A mesma história-padrão é repetida vezes sem conta. Aos agentes da polícia, armados até aos dentes com equipamento de características militares, foi dada licença para matar que utilizam com chocante regularidade e quase sempre com completa impunidade legal.

Slager deve ser condenado pela sua acção e punido com a maior severidade que a lei permita. Todos aqueles que procuraram encobrir o assassínio devem também ser presos e levados a julgamento.

Entretanto, isto é apenas o início da verdadeira prestação de contas. O Estado é, no seu conjunto, responsável pelo desenvolvimento daquilo que, na realidade, é uma força paramilitar de ocupação, composta por esquadrões da morte e actuando ao abrigo da lei.

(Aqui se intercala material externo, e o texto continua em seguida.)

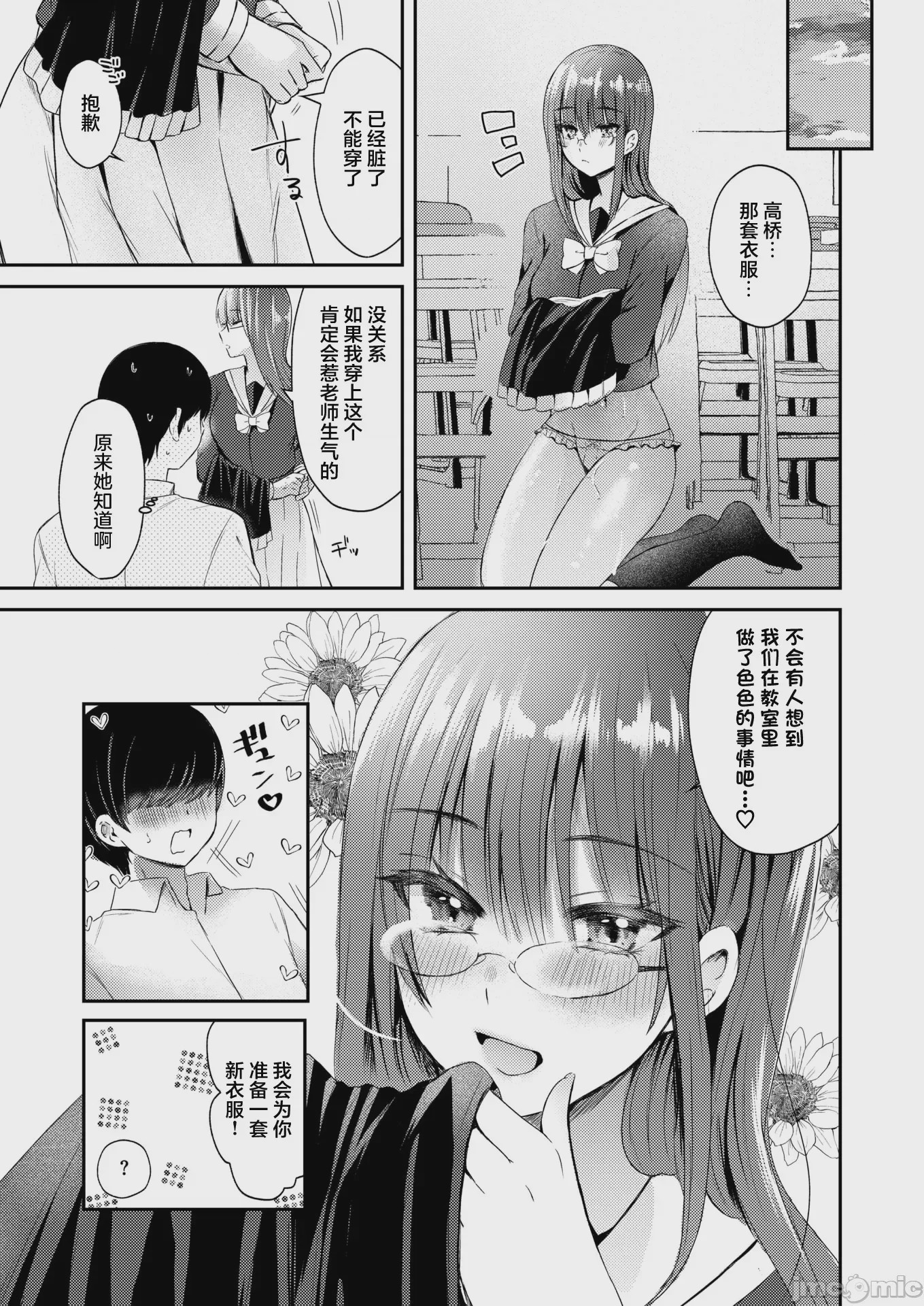 第1话、53 ページ
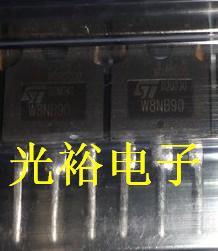 W8NB90全新，自己现货库存，为了追求钻家信誉，诚心合作.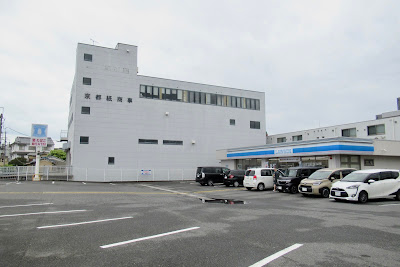 Lawson Tenjingawa Hachijo 사진 3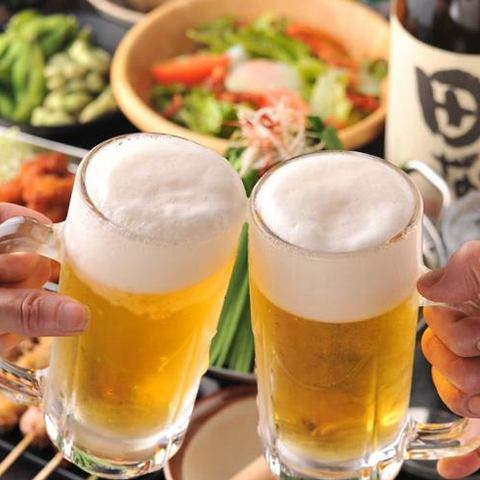 ▼期間限定！生ビール付き2H飲み放題2500円⇒1500円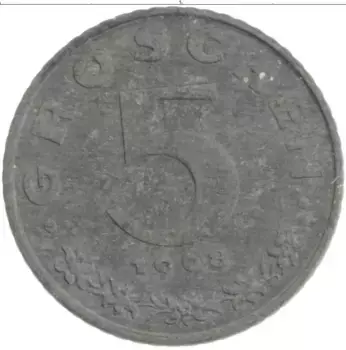 Монета 5 грош Австрии 1968 года Цинк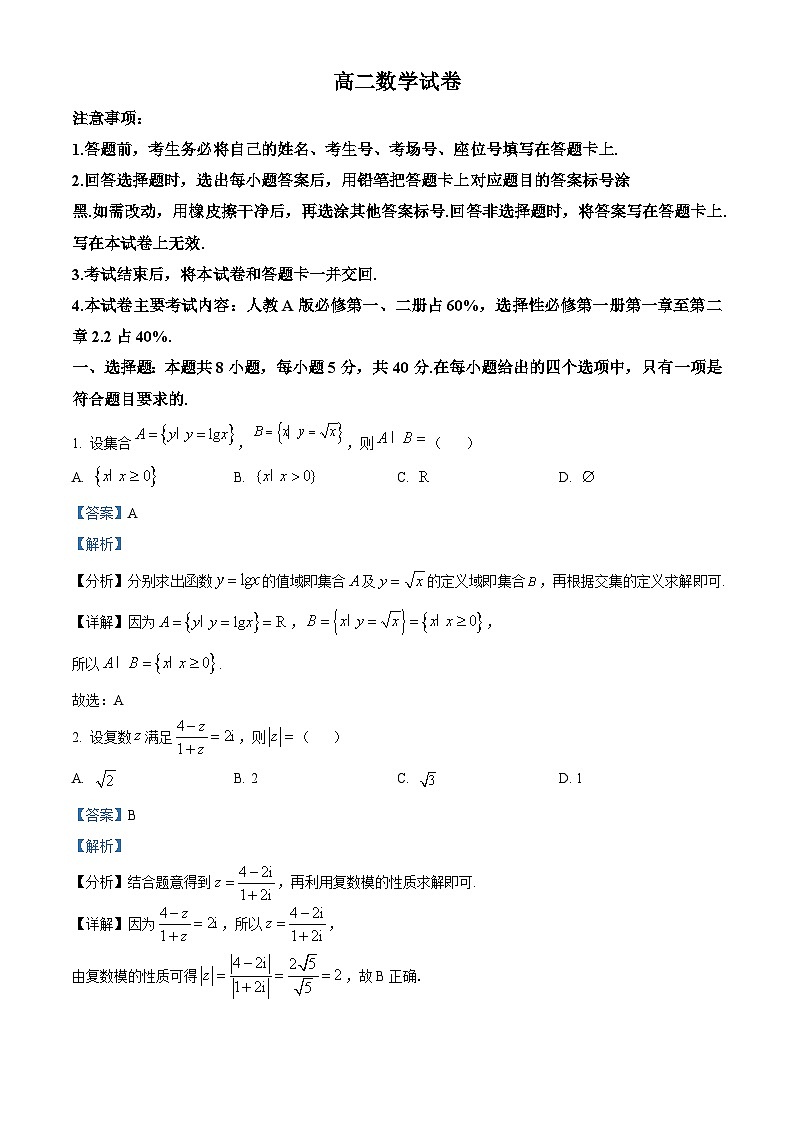 湖南省多校联考2025-2026学年高二上学期10月月考数学试卷含解析第1页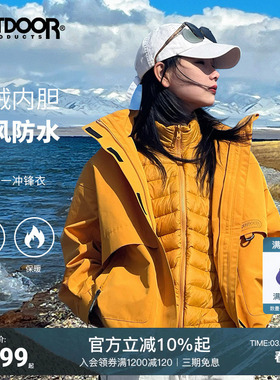 outdoor products户外防风三合一排骨羽绒冲锋衣外套女保暖厚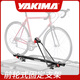 YAKIMA行李架  前叉式固定支架ForkLift 猛禽自行車(chē)支架RaptorAero 猛禽自行車(chē)支架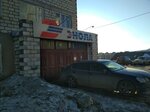 Энола (Марчеканский пер., 7А, Магадан), магазин канцтоваров в Магадане
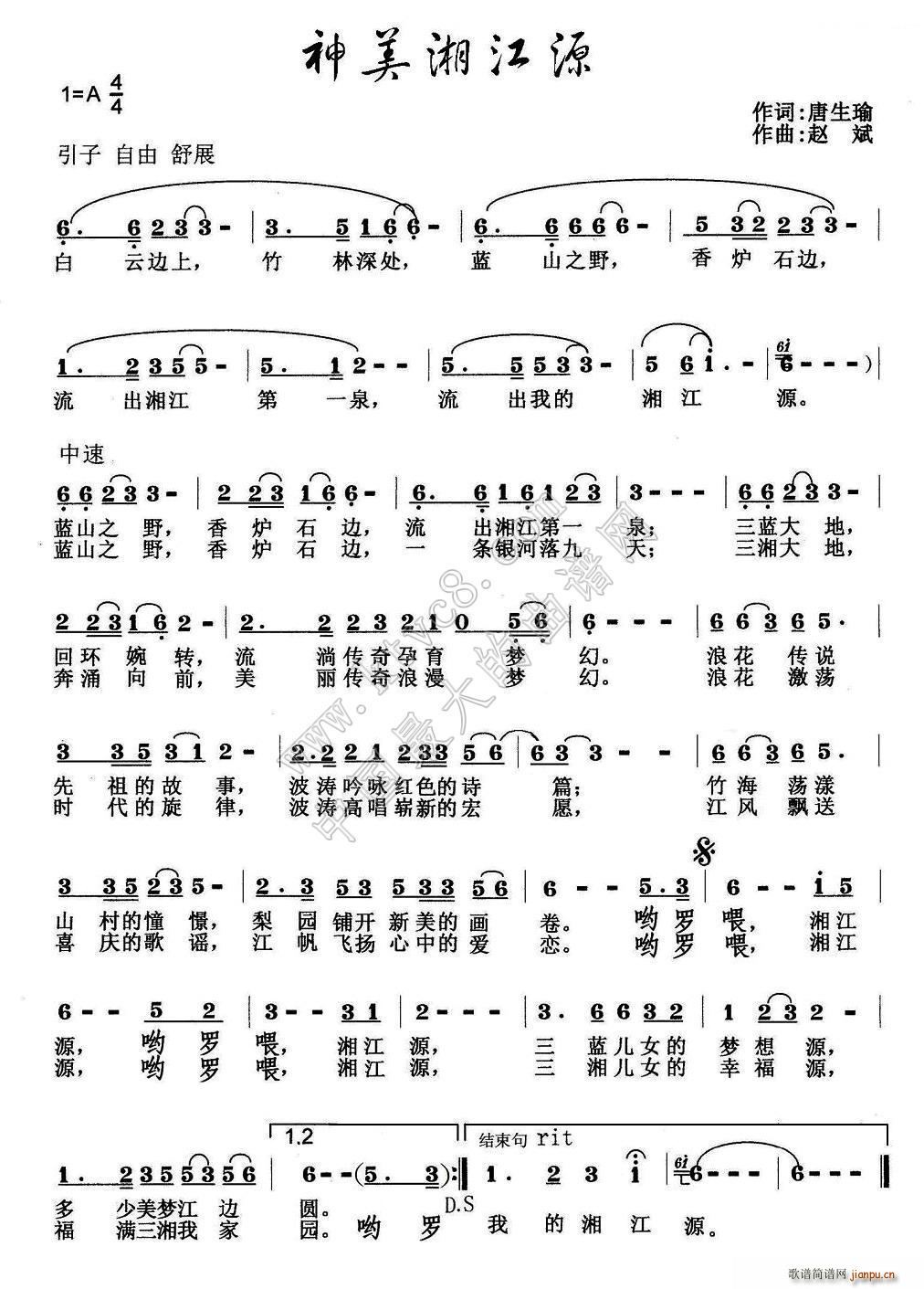 潭Դ(ָV)1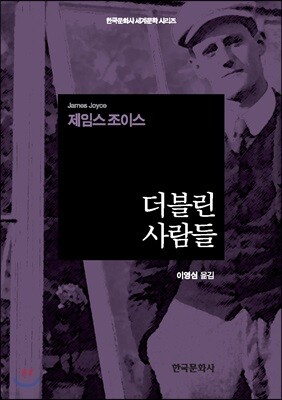 [대여] 더블린 사람들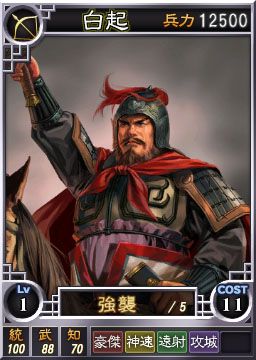 画像ギャラリー No.005のサムネイル画像 / PS3/Wii U版「三國志12」，岳飛などSRも含めた計25枚の武将カードが追加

Passam hoje exactamente oito meses desde o assassínio, a 9 de Agosto, de Michael Brown em Ferguson, Missouri, que provocou indignação popular e manifestações por todo o país. O situacionismo político respondeu orquestrando a exoneração do agente da polícia Darren Wilson, orquestração que incluiu, no mês passado, a decisão da administração Obama de não instaurar um processo por violação de direitos civis. A transferência maciça de equipamento militar para forças policiais locais tem prosseguido ao mesmo ritmo.

Isto foi interpretado pela polícia como luz verde para a escalada da sua furiosa acção mortífera, resultando em pelo menos 746 mortes desde o assassínio de Brown.

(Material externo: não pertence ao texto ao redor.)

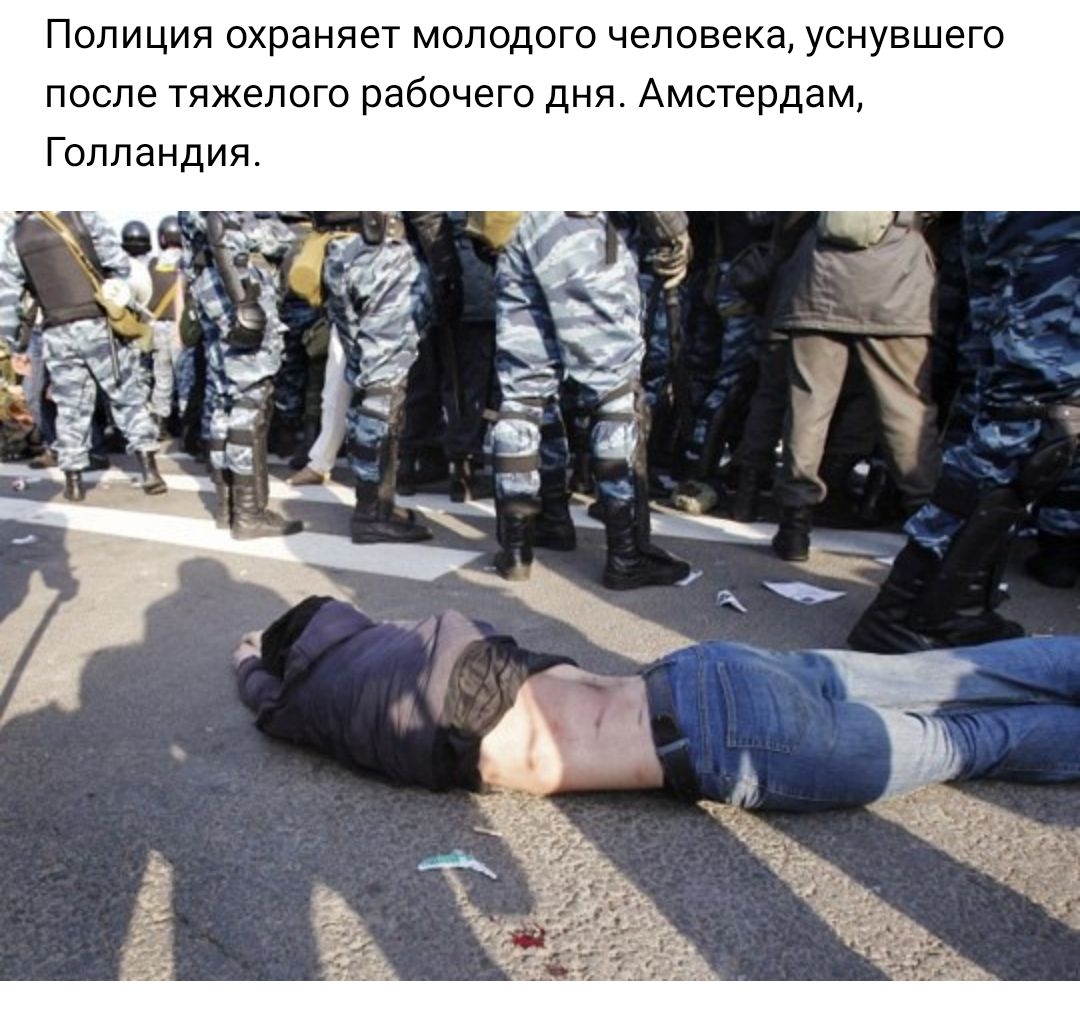 Полиция охраняет молодого человека уснувшего после тяжелого рабочего дня Амстердам Голландия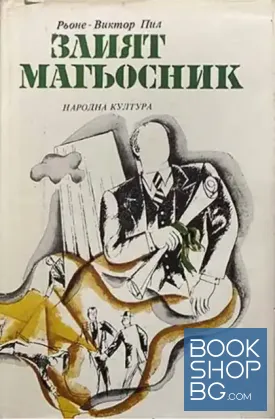 Злият магьосник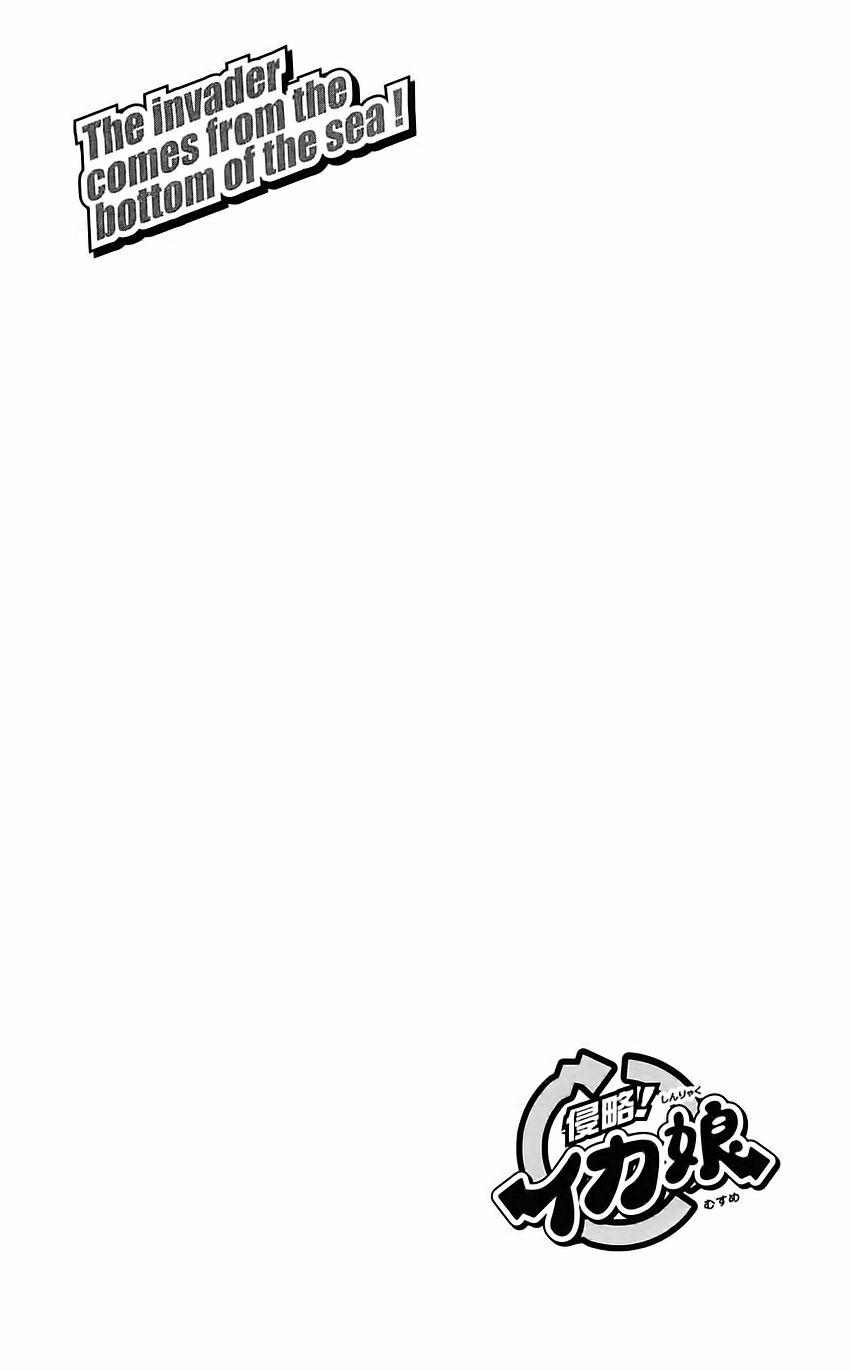 Shinryaku! Ika Musume 206 trang 9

O comportamento homicida evidente nas acções de Slager e nas de um incontável número de outros reflecte uma mentalidade deliberada e sistematicamente cultivada na polícia. A população não tem direitos. Qualquer acto de desobediência pode tornar-se um delito capital. As vidas dos trabalhadores e dos pobres são descartáveis.

Os comentários nos media sobre o assassínio de Scott têm-se centrado no facto de que Scott é negro Slager é branco. Entretanto, a violência policial na América, e a determinação do Estado na defesa desta violência, não podem ser explicadas simplesmente e antes de tudo pela referência ao racismo, independentemente do papel que este possa desempenhar neste ou naquele caso particular. O foco na questão racial tem o objectivo de obscurecer questões mais de fundo.

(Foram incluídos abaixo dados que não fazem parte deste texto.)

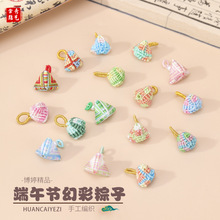 ���繝�ò����ӻ������ӽ���С�������K��diy�������S�����l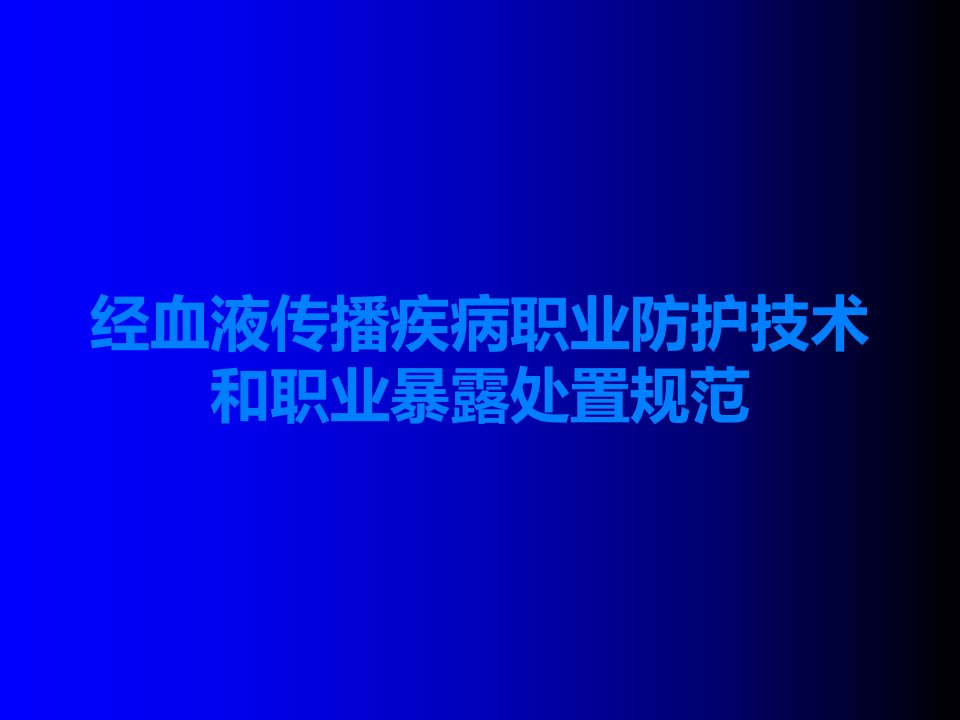 经血液传播疾病职业防护技术和职业暴露处置规范课件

A repressão policial no interior dos Estados Unidos é a expressão doméstica dos mesmos métodos que a classe dominante emprega para defender no estrangeiro os seus interesses, através de infindáveis guerras e assassínios por meio de drones. Dentro do país, a aristocracia das corporações e da finança, que acumulou a sua riqueza por meios fraudulentos e criminosos, está instalada sobre um sistema minado pela crise, com níveis historicamente sem precedentes de desigualdade ameaçando desencadear conflitos sociais explosivos. Responde-lhes com violência e brutalidade.

Nas mortíferas acções da polícia identificamos a realidade da dominação de classe na América.